Information shown »
________________
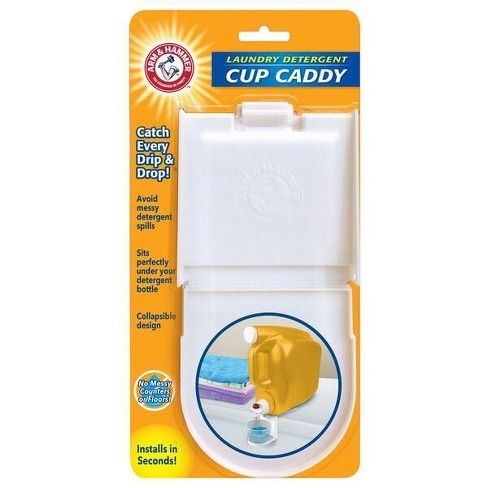 A&H Folding Laundry Detergent Cup - 1ct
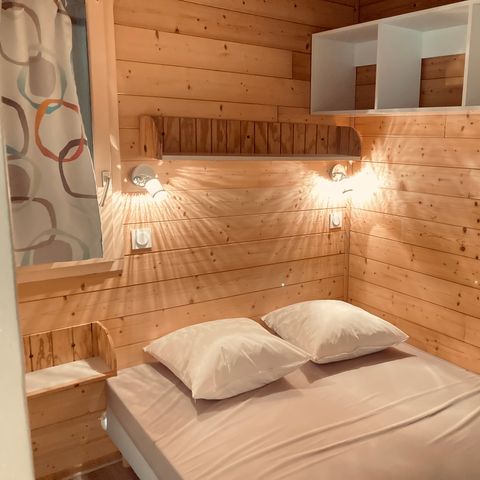 CHALET 2 people - Chalet 1 bedroom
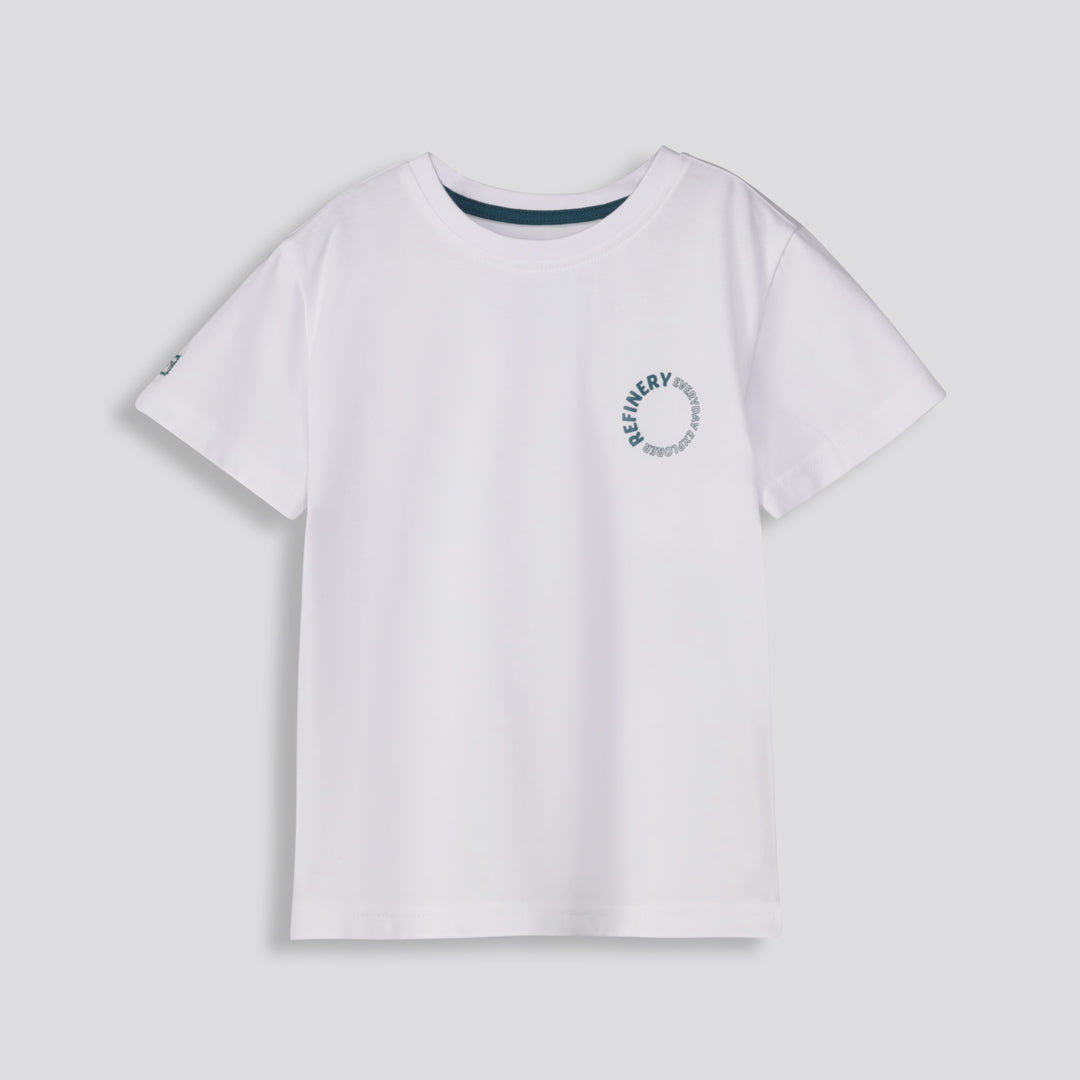 Boys Branded Tee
________________
Task prompt » Exact repetition of the data is needed, with no images retained.

Written answer »
 A&H Folding Laundry Detergent Cup - 1ct
 CHALET 2 people - Chalet 1 bedroom
 Boys Branded Tee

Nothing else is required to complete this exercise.